RECORDS FOR THE EXERCISE below:

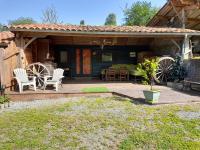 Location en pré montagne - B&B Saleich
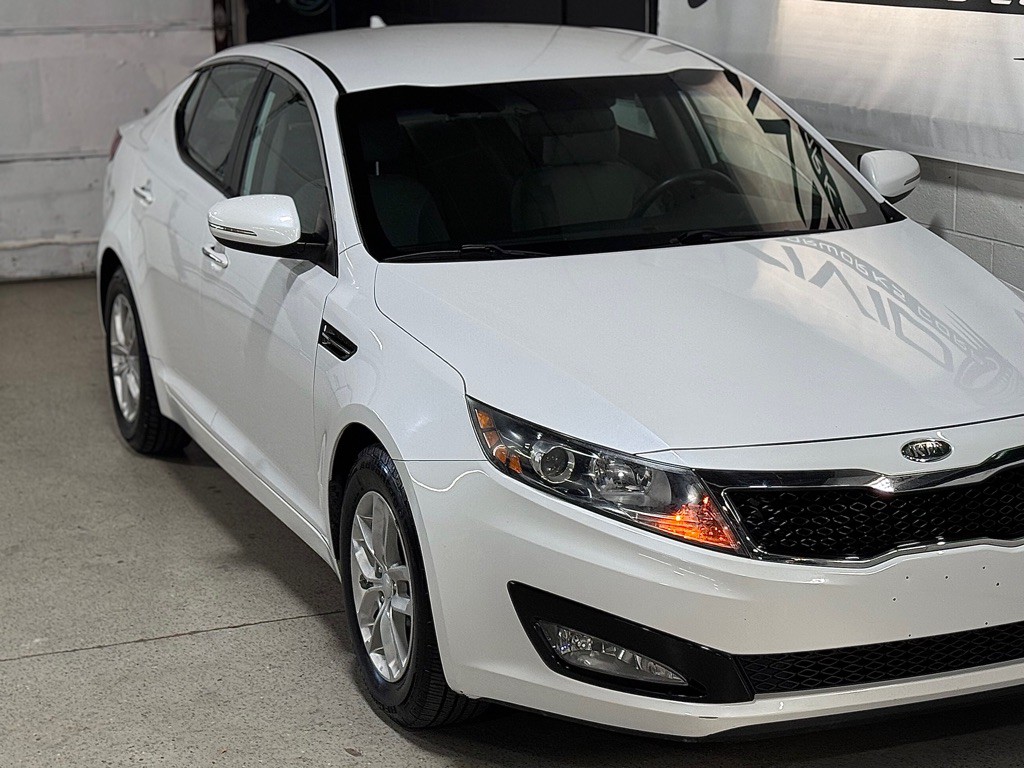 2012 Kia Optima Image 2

End of RECORDS FOR THE EXERCISE.
RECORDS FOR THE EXERCISE below:

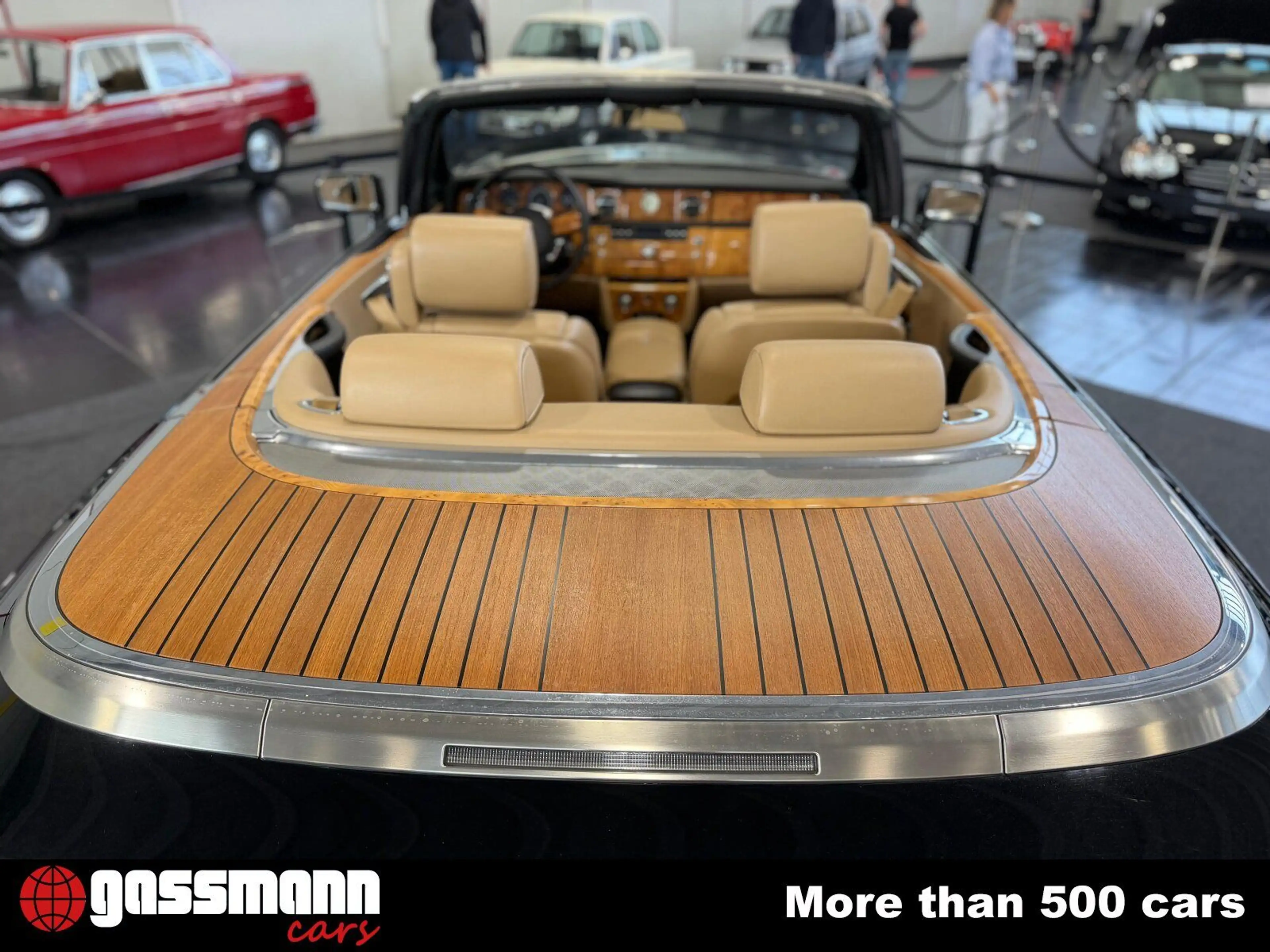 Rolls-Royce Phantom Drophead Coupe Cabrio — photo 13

End of RECORDS FOR THE EXERCISE.
RECORDS FOR THE EXERCISE below:

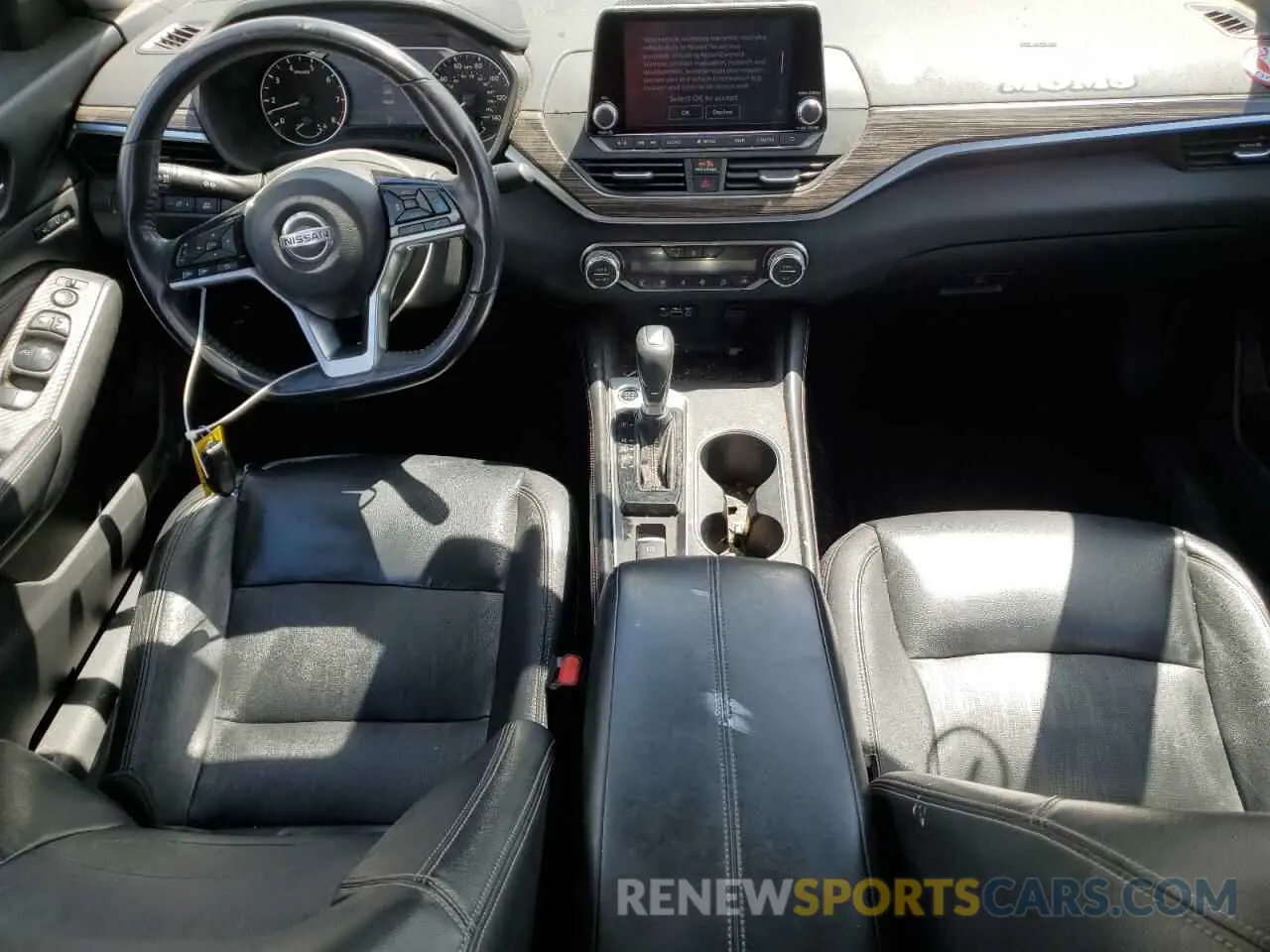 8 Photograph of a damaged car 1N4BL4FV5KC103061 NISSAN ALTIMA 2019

End of RECORDS FOR THE EXERCISE.

◆ WORK REQUIRED
Transcribe, from the material above, the stretch starting at the line with "Location en pré montagne - B&B Saleich" and ending at the line with "2012 Kia Optima Image 2", both included, exactly. Do not carry over pictures.

◆ RESPONSE TO THIS TASK
 Location en pré montagne - B&B Saleich
 2012 Kia Optima Image 2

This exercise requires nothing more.